Quem se lembrasse do clássico "Planeta dos Homens", de Jô Soares e companhia, nos anos '80, anteciparia com mais facilidade o que se passou por estes dias na Assembleia da República, em torno dos projectos da PMA e "barrigas de aluguer". E não tem dificuldade nenhuma em compreender como tudo acabou, ontem, sexta-feira, dia das votações.
Jô Soares, em 1980, criou um célebre personagem, o Dr. Sardinha, que parodiava o então ministro da Agricultura brasileiro, Delfim Neto, com receitas directas e infalíveis: “O abacate não abacateia? Então, o chuchu tem de chuchuzar.” Ao mesmo tempo, era sabido que “o abacaxi está abacaxizando e a uva, uvando”.

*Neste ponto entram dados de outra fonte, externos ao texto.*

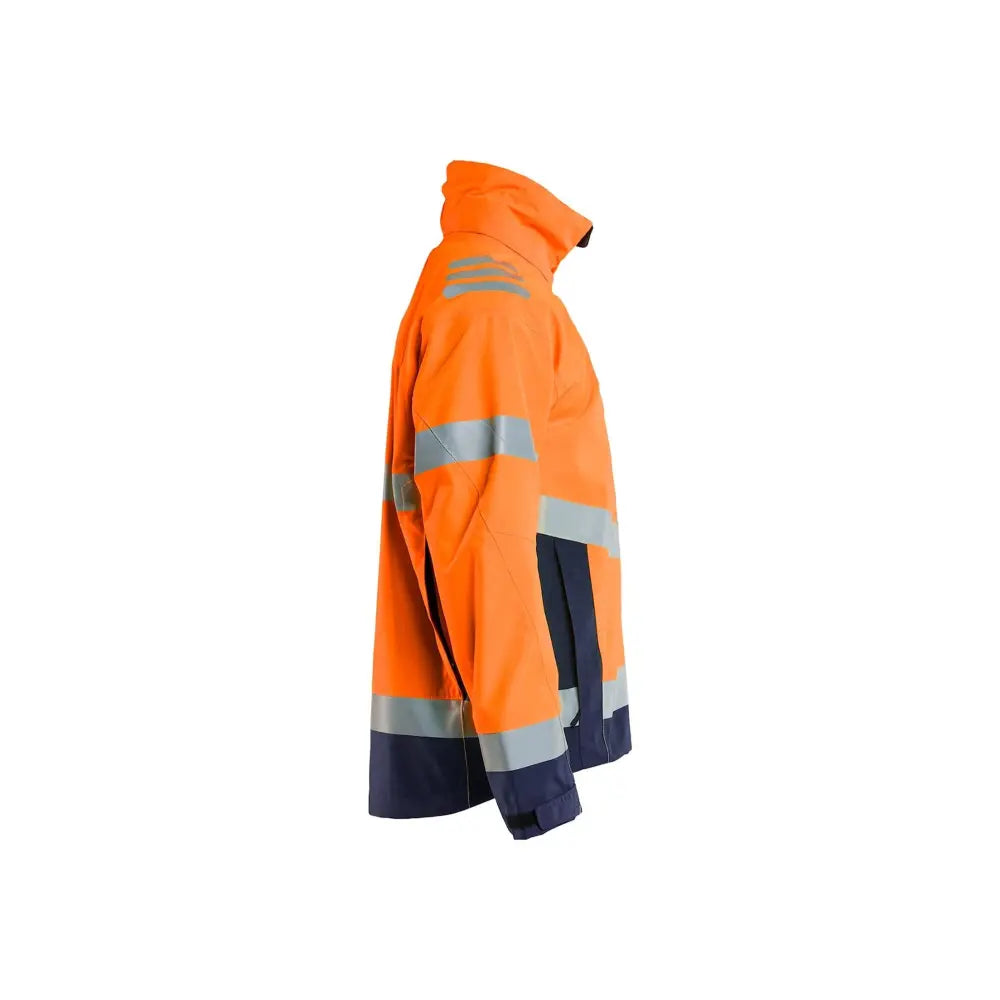 Blåkläder Highvis kuoritakki 47601977 - Blåkläder työvaatteet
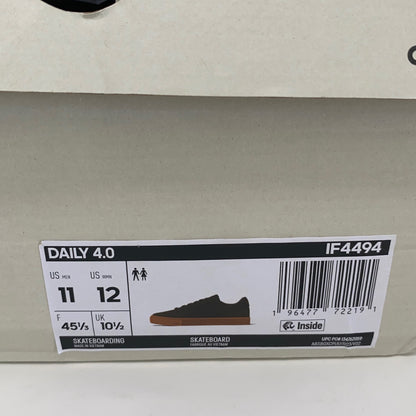 Serial #/Tag-UNT365112Q2X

O Bloco de Esquerda desenterrou a típica agenda fracturante, primeiro com o PL 100/XII/1ª, depois substituído pelo PL 122/XII/1ª. Ora, tendo quase toda a gente decidido fazer-lhe o jeito e entrado no baile, ninguém pode surpreender-se que acontecesse o que aconteceu: as fracturas foram gerais. Analisando a estratégia do BE pela lógica infalível do Dr. Sardinha, “o fractureiro fracturiza”. Elementar.

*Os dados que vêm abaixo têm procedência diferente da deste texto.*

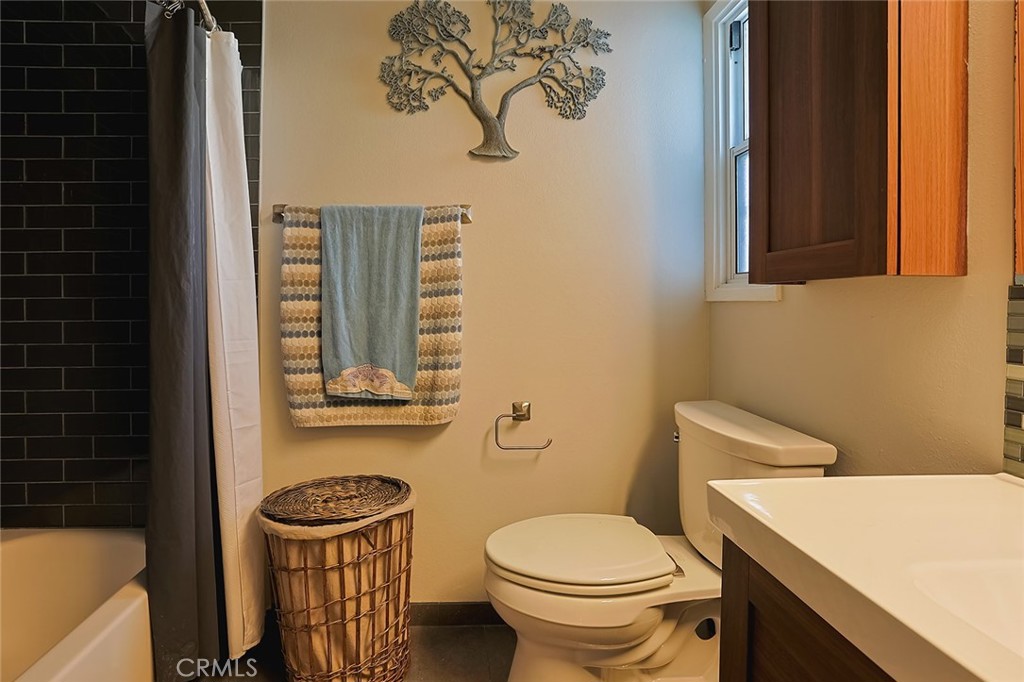MLS #PW26161499 image #24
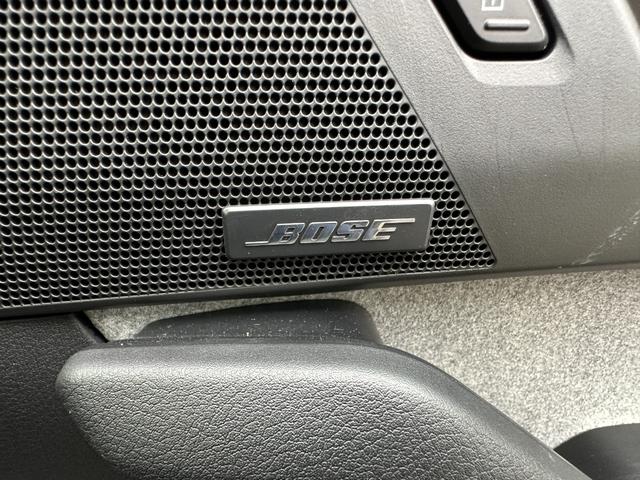 ＭＸ－３０ロータリーＥＶ エディションＲ　純正ＳＤナビ・ＴＶ　ＢＯＳＥサウンド　全方位カメラ　衝突被害軽減ブレーキ　ＬＫＡ　ＡＨＢ　ＢＳＭ　ＥＴＣ　ハーフレザーパワーシート　シートヒーター　純正１８インチＡＷ　Ｃソナー　ＬＥＤヘッドライト（52枚目）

A imprensa online destaca as divisões gerais, que atingiram fortemente PS e PSD - que se puseram particularmente a jeito - com uma razia mais acentuada na bancada socialista. Mas as divisões, em maior ou menor grau, acabaram por ser gerais: o movimento certeiro dos 8 deputados do Bloco levou a que se dividissem [1] a CDU (PCP para um lado, PEV para outro), [2] o PS, [3] a maioria, [4] o PSD e [5] o CDS. Atendendo a que somente a bancada do PCP resistiu inteiramente unida ao lance bloquista, o resultado foi este: Fracturantes - 5; Unidade - 1. Eficaz. Seria difícil melhor pontaria.
A notícia do EXPRESSO online, com fonte na LUSA, é a mais evidente, fazendo extenso relato das divisões acontecidas. Mas o eco foi naturalmente geral, como se lê no DN, no jornal i, no PÚBLICO, no CORREIO DA MANHÃ, etc. Além de que as deploráveis manobras processuais de última hora geraram sérias perturbações de percepção pública.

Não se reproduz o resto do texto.